• EXERCISE GOAL:
Take the lines below between the one holding "Vaulted ceiling, wood-finish" and the one holding "Inerior of modern", inclusive, and copy them exactly. Add nothing.

Data items

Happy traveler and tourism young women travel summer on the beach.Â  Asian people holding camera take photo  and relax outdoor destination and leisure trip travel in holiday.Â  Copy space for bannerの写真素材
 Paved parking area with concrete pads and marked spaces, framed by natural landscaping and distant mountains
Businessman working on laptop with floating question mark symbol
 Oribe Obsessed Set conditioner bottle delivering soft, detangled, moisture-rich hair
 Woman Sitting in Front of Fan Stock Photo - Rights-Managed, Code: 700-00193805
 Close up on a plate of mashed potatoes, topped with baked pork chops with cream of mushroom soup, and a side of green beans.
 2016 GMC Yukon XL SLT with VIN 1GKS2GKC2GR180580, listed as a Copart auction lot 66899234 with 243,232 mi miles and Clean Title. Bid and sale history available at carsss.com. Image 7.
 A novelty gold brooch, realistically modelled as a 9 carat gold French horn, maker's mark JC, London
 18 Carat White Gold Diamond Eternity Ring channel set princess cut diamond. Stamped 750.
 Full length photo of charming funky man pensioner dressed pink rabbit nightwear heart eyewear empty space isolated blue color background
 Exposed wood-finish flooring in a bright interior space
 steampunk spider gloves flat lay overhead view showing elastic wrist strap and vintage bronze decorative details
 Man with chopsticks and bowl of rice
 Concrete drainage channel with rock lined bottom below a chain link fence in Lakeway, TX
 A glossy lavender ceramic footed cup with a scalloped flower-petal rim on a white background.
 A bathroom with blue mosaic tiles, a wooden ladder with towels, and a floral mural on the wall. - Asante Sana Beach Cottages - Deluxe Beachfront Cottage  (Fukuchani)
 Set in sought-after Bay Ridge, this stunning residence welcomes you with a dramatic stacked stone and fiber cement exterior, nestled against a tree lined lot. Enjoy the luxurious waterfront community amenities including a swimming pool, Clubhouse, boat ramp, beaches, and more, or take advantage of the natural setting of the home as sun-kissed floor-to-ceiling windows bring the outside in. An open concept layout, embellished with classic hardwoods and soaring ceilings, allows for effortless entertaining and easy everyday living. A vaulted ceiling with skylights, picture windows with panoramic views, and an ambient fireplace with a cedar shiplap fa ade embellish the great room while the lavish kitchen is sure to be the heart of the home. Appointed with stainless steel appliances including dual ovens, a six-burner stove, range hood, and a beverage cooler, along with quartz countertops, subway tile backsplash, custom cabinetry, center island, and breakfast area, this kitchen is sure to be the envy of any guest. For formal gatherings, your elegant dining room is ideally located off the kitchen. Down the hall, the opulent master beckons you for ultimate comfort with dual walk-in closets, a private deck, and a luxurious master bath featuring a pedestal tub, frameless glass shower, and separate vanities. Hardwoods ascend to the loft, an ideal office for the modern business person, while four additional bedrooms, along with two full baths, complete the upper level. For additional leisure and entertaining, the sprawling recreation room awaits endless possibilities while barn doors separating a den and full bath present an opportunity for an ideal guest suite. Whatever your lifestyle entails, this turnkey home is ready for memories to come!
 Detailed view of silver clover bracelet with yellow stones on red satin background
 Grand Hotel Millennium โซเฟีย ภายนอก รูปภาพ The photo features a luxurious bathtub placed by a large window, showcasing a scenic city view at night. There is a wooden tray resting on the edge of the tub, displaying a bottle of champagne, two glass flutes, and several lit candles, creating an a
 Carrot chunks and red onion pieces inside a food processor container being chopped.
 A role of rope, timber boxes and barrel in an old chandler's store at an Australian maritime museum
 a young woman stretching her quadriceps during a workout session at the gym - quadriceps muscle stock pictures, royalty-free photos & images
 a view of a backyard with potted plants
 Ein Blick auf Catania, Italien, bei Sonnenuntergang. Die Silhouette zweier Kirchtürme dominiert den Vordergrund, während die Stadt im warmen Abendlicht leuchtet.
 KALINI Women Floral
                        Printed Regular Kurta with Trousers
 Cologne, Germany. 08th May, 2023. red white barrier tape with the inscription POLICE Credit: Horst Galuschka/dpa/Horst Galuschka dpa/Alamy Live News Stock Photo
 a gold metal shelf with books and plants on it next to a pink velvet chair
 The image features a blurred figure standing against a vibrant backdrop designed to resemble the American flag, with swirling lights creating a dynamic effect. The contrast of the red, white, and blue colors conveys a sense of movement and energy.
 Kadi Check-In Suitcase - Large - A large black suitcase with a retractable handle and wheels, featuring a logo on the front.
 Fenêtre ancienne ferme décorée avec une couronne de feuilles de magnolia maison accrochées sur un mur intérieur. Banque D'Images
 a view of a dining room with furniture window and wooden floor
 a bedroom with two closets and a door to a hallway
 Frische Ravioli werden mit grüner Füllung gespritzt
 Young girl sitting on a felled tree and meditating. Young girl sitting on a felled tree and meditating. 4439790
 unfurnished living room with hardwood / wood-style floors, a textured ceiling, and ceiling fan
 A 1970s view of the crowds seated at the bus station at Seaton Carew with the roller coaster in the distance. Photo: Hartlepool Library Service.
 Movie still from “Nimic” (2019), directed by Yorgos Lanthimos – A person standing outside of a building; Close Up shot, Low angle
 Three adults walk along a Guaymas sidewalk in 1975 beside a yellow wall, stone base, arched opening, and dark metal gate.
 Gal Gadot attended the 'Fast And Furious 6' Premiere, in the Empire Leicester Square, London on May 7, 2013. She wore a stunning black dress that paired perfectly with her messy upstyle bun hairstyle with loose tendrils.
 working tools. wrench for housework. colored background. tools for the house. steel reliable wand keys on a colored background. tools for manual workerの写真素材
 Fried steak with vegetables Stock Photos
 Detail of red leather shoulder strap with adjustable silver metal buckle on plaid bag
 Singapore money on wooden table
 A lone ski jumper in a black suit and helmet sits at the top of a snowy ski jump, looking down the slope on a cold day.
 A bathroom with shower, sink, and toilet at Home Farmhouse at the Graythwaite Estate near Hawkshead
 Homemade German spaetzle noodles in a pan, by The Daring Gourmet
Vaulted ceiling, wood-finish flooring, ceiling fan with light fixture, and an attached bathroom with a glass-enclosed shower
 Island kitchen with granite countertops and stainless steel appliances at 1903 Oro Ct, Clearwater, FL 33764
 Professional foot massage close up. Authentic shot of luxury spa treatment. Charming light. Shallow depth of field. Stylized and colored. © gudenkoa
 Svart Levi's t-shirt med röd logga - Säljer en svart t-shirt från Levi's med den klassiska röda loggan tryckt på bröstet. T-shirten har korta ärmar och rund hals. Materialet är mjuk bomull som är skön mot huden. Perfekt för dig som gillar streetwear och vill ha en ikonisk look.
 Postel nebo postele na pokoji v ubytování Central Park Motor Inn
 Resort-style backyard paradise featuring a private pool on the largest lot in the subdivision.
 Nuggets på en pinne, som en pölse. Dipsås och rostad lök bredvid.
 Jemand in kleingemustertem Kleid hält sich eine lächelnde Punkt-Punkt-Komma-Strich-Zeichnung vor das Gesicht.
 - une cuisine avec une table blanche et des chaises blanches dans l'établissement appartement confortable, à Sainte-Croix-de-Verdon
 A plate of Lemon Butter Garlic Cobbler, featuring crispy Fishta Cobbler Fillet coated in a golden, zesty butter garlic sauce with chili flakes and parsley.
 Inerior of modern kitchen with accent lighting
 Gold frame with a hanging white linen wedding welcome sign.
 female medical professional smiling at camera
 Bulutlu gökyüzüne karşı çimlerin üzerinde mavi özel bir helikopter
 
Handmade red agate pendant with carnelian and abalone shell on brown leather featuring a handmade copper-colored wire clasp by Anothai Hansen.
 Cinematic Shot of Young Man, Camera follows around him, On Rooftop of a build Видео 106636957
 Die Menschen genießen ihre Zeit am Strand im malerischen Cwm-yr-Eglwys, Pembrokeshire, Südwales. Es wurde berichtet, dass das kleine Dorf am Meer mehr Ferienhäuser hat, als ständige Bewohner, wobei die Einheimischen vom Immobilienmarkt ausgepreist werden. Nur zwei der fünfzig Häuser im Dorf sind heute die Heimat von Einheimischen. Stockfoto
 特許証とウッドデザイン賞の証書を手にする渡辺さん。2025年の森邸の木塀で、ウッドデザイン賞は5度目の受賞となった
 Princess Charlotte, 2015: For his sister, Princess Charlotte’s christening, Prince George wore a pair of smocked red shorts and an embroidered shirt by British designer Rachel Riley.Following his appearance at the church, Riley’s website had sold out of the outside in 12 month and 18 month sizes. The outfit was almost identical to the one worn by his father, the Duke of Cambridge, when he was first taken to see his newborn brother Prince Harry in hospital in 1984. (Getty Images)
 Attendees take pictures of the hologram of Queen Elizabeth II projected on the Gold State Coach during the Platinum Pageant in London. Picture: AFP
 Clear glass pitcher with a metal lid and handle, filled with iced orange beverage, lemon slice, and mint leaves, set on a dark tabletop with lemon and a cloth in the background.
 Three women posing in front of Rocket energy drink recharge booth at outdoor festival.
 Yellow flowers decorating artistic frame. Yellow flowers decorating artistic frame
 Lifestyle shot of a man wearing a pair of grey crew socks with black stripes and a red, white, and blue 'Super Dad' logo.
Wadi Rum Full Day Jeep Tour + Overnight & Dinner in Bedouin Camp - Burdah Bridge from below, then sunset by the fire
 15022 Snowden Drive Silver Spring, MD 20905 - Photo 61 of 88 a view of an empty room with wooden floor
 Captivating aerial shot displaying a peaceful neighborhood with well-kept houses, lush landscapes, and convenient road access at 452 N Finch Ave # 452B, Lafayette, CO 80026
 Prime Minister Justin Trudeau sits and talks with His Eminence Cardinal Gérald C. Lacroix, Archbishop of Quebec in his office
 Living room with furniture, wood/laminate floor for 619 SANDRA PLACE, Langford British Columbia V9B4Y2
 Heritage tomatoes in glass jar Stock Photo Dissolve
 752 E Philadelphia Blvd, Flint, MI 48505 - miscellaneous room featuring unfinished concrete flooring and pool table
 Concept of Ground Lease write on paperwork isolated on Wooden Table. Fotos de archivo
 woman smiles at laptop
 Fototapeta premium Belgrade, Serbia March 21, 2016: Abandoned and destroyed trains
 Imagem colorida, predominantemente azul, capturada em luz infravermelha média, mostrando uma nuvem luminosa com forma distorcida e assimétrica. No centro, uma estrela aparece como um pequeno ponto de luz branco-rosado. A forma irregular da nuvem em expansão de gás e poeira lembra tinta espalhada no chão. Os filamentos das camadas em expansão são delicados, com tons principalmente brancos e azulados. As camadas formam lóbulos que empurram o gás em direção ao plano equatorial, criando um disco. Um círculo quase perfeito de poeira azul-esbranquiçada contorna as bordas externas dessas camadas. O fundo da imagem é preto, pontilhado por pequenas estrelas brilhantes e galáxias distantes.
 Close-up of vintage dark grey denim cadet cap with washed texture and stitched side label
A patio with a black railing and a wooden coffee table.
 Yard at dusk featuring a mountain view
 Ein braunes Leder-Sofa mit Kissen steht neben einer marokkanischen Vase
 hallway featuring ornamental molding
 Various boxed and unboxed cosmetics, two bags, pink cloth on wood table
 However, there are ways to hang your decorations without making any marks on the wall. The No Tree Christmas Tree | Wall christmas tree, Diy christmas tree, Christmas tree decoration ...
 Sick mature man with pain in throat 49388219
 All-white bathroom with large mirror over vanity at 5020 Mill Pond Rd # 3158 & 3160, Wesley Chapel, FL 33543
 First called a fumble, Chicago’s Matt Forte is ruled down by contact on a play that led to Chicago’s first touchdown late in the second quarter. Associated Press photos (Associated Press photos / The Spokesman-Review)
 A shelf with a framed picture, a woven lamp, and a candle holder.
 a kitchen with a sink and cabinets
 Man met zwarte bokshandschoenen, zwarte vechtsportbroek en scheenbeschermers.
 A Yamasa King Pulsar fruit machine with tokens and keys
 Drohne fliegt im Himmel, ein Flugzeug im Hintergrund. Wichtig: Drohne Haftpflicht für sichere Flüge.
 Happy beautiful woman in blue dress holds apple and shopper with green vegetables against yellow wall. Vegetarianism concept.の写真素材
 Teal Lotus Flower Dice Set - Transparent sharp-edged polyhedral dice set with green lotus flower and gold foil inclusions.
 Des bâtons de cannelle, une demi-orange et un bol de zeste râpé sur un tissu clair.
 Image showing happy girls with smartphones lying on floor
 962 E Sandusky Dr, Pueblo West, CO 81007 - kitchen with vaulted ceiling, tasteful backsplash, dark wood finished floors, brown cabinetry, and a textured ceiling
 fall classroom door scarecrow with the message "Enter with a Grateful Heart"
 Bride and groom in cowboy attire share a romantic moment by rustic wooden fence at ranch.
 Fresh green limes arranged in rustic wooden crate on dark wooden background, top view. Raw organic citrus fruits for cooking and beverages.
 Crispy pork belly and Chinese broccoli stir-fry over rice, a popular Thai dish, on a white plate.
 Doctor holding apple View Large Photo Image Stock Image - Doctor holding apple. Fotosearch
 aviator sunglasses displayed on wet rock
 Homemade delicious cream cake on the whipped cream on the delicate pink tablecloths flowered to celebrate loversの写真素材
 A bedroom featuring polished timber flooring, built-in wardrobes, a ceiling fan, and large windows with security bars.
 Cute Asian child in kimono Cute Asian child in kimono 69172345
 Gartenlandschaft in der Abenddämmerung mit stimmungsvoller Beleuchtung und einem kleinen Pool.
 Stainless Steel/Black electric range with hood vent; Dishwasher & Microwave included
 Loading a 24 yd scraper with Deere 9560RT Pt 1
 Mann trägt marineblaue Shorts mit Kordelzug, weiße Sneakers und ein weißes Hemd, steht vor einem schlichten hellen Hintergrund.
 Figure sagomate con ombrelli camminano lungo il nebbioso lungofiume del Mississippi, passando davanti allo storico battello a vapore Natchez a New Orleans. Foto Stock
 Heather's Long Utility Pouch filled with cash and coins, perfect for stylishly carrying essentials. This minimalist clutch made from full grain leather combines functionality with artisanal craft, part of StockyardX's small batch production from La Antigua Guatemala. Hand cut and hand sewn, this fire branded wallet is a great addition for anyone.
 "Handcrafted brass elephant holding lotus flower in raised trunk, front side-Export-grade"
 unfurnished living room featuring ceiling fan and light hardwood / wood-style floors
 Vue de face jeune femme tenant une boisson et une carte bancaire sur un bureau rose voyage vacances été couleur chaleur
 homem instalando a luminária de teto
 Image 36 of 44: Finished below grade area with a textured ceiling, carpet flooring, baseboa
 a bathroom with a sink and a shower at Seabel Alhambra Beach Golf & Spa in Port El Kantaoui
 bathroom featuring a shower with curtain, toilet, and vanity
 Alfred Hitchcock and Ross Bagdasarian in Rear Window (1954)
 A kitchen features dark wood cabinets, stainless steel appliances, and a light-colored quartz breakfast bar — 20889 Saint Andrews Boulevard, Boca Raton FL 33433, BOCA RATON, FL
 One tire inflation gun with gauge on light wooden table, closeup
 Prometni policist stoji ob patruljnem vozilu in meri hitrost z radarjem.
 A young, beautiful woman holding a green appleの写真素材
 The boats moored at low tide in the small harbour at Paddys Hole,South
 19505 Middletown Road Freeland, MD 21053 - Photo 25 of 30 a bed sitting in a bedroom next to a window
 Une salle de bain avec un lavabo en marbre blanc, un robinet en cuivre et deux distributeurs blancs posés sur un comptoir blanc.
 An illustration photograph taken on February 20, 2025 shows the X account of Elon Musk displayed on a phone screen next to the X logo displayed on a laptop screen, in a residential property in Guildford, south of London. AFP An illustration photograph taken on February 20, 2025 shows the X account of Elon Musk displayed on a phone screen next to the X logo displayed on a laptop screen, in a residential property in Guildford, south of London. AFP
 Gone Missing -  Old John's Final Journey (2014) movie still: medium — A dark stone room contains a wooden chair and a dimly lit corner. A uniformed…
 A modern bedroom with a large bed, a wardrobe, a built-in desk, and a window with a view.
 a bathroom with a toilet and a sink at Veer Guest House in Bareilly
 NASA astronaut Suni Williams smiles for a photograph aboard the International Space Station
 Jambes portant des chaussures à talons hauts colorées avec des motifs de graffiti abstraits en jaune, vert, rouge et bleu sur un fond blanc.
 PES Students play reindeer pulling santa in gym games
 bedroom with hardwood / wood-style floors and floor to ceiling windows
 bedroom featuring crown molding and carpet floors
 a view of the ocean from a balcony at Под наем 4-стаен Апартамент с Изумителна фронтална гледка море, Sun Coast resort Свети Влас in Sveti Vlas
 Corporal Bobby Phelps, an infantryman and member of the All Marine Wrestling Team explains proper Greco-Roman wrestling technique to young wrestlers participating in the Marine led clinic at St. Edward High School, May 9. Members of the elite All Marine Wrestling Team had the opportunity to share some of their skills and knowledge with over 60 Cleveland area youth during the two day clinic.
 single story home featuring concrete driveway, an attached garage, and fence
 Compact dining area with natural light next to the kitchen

• ANSWER TO THE EXERCISE:
Vaulted ceiling, wood-finish flooring, ceiling fan with light fixture, and an attached bathroom with a glass-enclosed shower
 Island kitchen with granite countertops and stainless steel appliances at 1903 Oro Ct, Clearwater, FL 33764
 Professional foot massage close up. Authentic shot of luxury spa treatment. Charming light. Shallow depth of field. Stylized and colored. © gudenkoa
 Svart Levi's t-shirt med röd logga - Säljer en svart t-shirt från Levi's med den klassiska röda loggan tryckt på bröstet. T-shirten har korta ärmar och rund hals. Materialet är mjuk bomull som är skön mot huden. Perfekt för dig som gillar streetwear och vill ha en ikonisk look.
 Postel nebo postele na pokoji v ubytování Central Park Motor Inn
 Resort-style backyard paradise featuring a private pool on the largest lot in the subdivision.
 Nuggets på en pinne, som en pölse. Dipsås och rostad lök bredvid.
 Jemand in kleingemustertem Kleid hält sich eine lächelnde Punkt-Punkt-Komma-Strich-Zeichnung vor das Gesicht.
 - une cuisine avec une table blanche et des chaises blanches dans l'établissement appartement confortable, à Sainte-Croix-de-Verdon
 A plate of Lemon Butter Garlic Cobbler, featuring crispy Fishta Cobbler Fillet coated in a golden, zesty butter garlic sauce with chili flakes and parsley.
 Inerior of modern kitchen with accent lighting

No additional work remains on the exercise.